But, wait: we have not finished. There is another layer of varnish available to the poet, with a couple of flicks of his word-processor, by means of which he may strengthen his claims to be the right-on, modern American poet, a technique further redolent of The Cantos, that vast and popular[2] primer of illiteracy, the technique of indentation:

Views

Walking, you thumb the remote

to scan news,

watch the weather girl

dance both hands, pivot,

smile, and point to

the other coast.

So what does morning look like?

What does the world.

From this motel:

an anywhere town, across the bay, shining.

Elsewhere mountains.

Miles beyond hills,

the capital cities, their walls behind walls.

Monuments to our lies,

to our self-blinded lives.

Above us now, two fishhawks, cheeping musical shrieks,

the risen sun easing their wingbeats.

Over us all,

daylight’s invisible satellites, shamelessly

bouncing back from space the emptiness we feed them.[3]

Philip Booth

Now it even looks like a poem! In addition to completely arbitrary and superficial line-breaks, we now have a verse-array!

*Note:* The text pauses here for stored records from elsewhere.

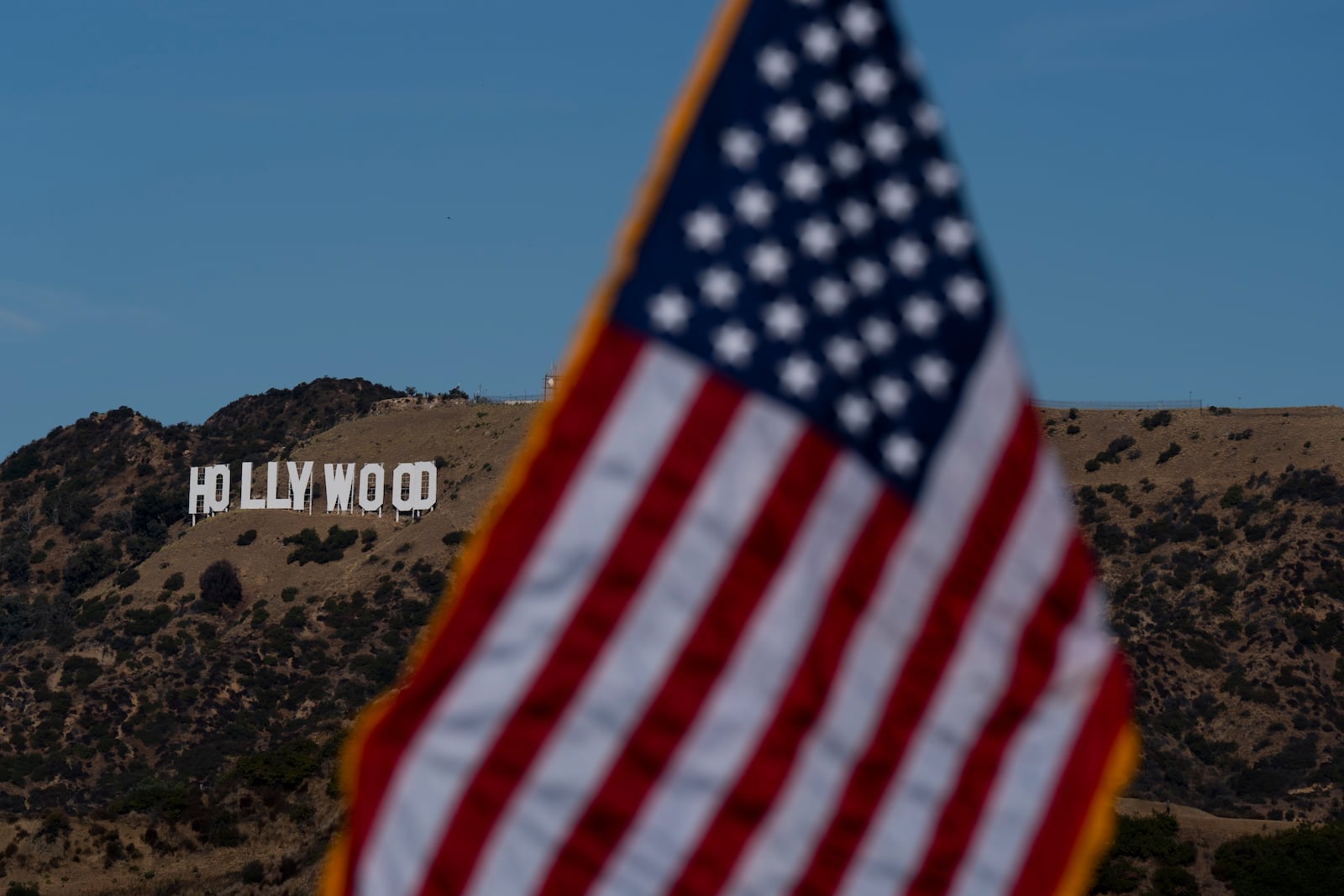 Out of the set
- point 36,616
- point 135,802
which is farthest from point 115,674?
point 135,802

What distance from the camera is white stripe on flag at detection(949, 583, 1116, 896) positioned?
5.55 metres

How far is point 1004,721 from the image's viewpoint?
5.55m

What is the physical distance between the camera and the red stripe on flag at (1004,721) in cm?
554

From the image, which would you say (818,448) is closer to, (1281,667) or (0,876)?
(0,876)

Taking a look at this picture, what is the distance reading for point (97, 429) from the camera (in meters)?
158

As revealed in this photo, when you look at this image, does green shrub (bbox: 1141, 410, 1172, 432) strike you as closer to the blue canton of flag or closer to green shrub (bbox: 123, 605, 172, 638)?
green shrub (bbox: 123, 605, 172, 638)

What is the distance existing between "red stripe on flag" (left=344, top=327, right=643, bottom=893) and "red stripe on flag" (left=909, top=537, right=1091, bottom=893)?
58.4 inches

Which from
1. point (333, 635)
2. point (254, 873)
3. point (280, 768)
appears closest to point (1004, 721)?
point (254, 873)

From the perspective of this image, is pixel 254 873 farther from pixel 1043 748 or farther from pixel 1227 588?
pixel 1227 588

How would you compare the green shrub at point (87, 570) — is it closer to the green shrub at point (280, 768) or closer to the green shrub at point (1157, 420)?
the green shrub at point (1157, 420)

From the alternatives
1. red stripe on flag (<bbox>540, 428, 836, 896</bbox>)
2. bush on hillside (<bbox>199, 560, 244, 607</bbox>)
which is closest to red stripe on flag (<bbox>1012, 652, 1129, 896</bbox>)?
red stripe on flag (<bbox>540, 428, 836, 896</bbox>)

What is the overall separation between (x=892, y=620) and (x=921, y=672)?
184mm

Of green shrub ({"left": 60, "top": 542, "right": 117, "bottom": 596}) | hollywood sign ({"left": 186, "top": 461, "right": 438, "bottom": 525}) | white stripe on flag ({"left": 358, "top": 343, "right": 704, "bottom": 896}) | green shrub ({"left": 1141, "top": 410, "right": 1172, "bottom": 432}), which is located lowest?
white stripe on flag ({"left": 358, "top": 343, "right": 704, "bottom": 896})

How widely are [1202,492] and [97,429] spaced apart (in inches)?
3914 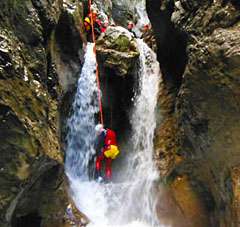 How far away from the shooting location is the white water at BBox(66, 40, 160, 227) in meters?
4.62

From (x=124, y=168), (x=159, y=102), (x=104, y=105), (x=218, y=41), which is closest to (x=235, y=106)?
(x=218, y=41)

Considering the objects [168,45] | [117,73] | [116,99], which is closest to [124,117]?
[116,99]

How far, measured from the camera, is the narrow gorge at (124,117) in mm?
2473

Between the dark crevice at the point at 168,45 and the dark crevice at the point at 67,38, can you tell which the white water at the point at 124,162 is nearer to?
the dark crevice at the point at 168,45

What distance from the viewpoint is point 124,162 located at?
6.37 metres

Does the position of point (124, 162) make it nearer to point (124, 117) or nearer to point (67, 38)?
point (124, 117)

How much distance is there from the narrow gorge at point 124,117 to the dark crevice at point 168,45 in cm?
3

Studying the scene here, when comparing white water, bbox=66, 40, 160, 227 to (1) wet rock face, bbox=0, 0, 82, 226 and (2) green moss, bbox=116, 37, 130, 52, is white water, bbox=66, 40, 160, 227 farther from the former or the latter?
(1) wet rock face, bbox=0, 0, 82, 226

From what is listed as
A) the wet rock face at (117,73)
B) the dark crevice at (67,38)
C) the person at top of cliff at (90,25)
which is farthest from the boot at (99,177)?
the person at top of cliff at (90,25)

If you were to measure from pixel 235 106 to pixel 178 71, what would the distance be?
8.22ft

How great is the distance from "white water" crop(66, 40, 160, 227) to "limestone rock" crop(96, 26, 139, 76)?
658 mm

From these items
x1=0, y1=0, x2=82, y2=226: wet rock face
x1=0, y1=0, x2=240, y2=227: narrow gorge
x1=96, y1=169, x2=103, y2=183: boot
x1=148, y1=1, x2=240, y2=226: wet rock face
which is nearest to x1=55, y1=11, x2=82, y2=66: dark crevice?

But I don’t want to be unduly negative about this still-born little slip of a poem. Let it be put back gently in the Museum of Literature whence it came and where it belongs. The point, surely, is that this poet hasn’t even begun to think about the form of the whole, the life that builds up from the line into the verse-paragraph, the suite or sequence, and the work as a whole. I doubt if metre-and-rhyme would improve matters (the mould improve the jelly?), although the extinction of the tedious autobiographical American poetic voice would be a relief (Whitman is the other unfortunate godfather of officially sanctioned American ignorance). On the other hand, the prose-poem is a perfectly valid, muscular yet stream-lined genre that has been too little exploited. Let all such poems be presented as prose. Their shortcomings will be exposed, but a natural weeding-out will leave the best standing beside those of Rimbaud and Baudelaire.

Walt Whitman

Let us have a little less lazy revolution and a little more dedicated apprenticeship.


[1] ‘Views’ by Philip Booth, the daily offering of the Writer’s Almanac for 30-Jan-10, rendered as prose.

[2] Pound hd invtd the txt msg half a century before the mobile phone.

[3] Philip Booth, from Lifelines: Selected Poems 1950-1999, Penguin Group, 1999.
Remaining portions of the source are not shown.